Assignment: From the line containing "1 Bardon Street, Morwell VIC 3840" to the final line of the material below, return every line exactly. Do not include pictures.

Data provided:
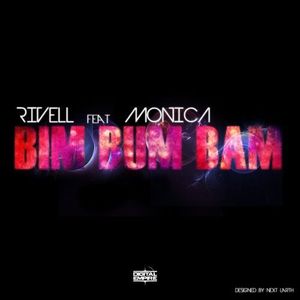 Bim Bum Bam (Single)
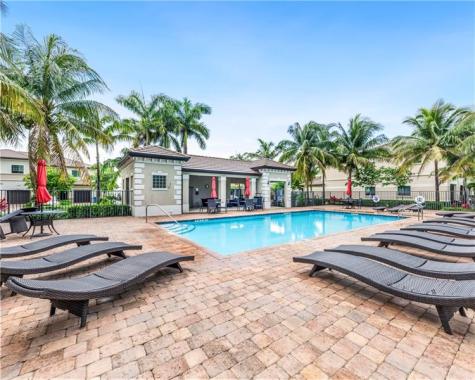 4230 N Dixie Highway Oakland Park FL 33334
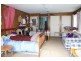 1 Bardon Street, Morwell VIC 3840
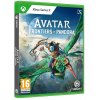 XSX - Avatar: Frontiers of Pandora 3307216247081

Expected answer:
 1 Bardon Street, Morwell VIC 3840
 XSX - Avatar: Frontiers of Pandora 3307216247081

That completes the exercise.